What needs to be done ▸
Return exactly, please, the line that contains "Made To Worship" and every line after it through the end of the material that follows, leaving pictures aside.

Dataset extract ▸
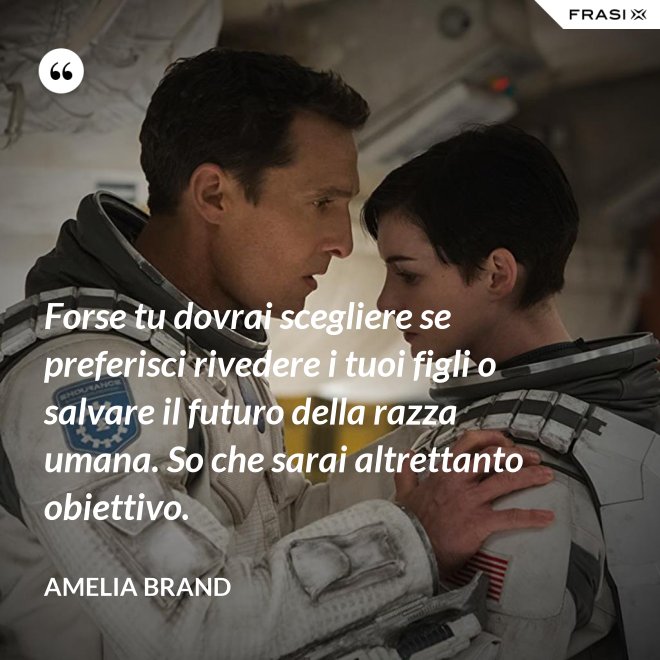 Forse tu dovrai scegliere se preferisci rivedere i tuoi figli o salvare il futuro della razza umana. So che sarai altrettanto obiettivo. - Amelia Brand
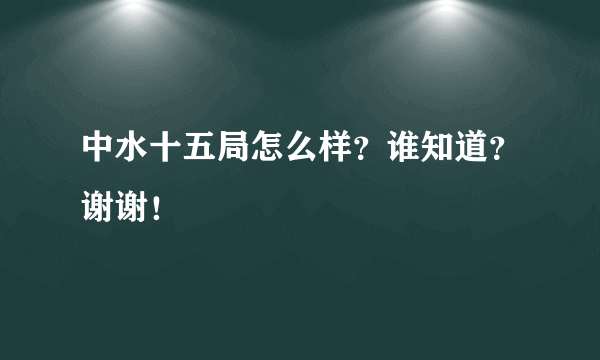 中水十五局怎么样？谁知道？谢谢！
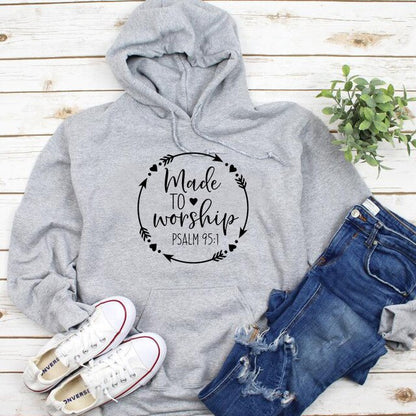 Made To Worship Psalm 95:1 Christian Graphic Hoodies Women Bible Faithful Woman Clothes Church Clothing Long Sleeve Jumper Tops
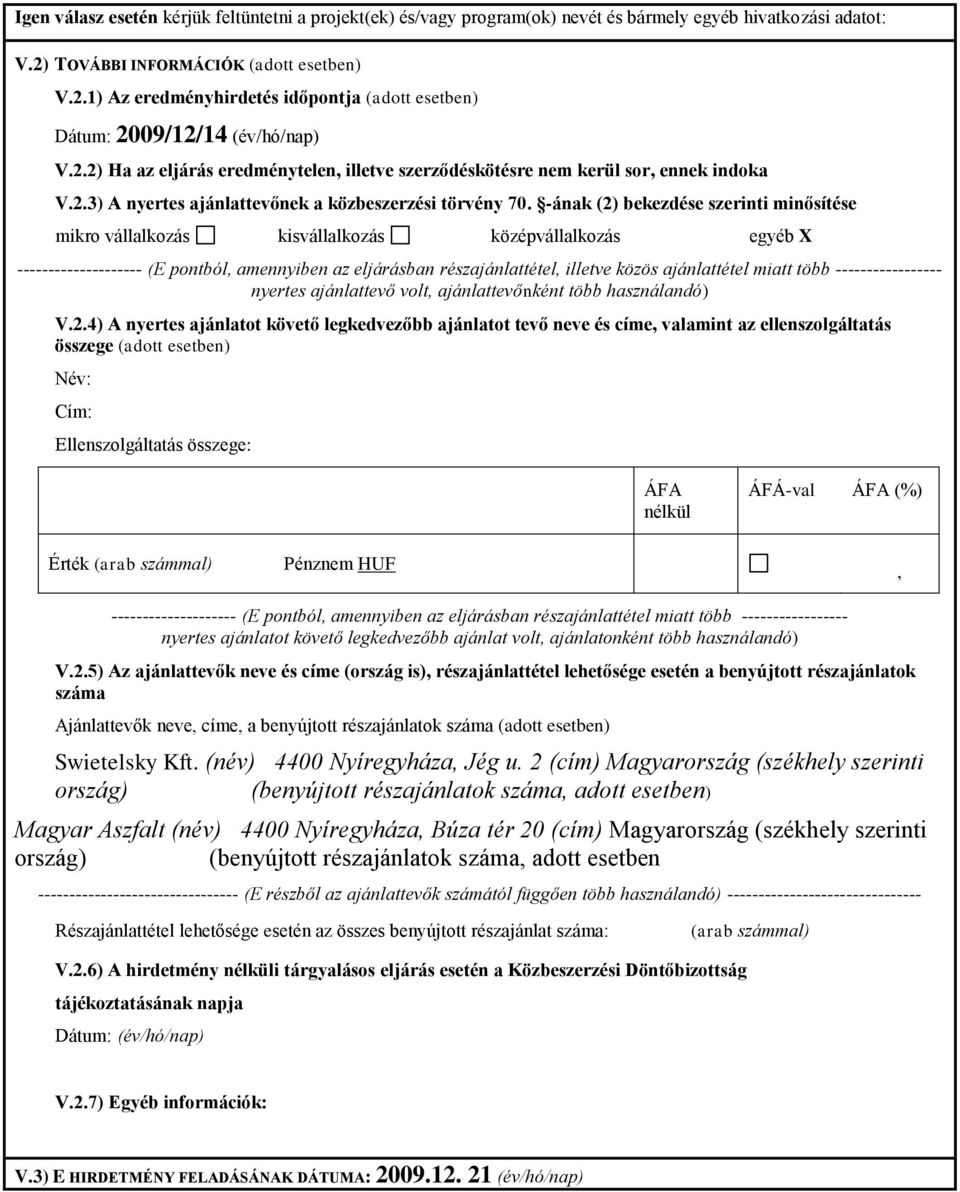 -ának (2) bekezdése szerinti minősítése mikro vállalkozás kisvállalkozás középvállalkozás egyéb -------------------- (E pontból, amennyiben az eljárásban részajánlattétel, illetve közös ajánlattétel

Task solution ▸
 Made To Worship Psalm 95:1 Christian Graphic Hoodies Women Bible Faithful Woman Clothes Church Clothing Long Sleeve Jumper Tops
 -ának (2) bekezdése szerinti minősítése mikro vállalkozás kisvállalkozás középvállalkozás egyéb -------------------- (E pontból, amennyiben az eljárásban részajánlattétel, illetve közös ajánlattétel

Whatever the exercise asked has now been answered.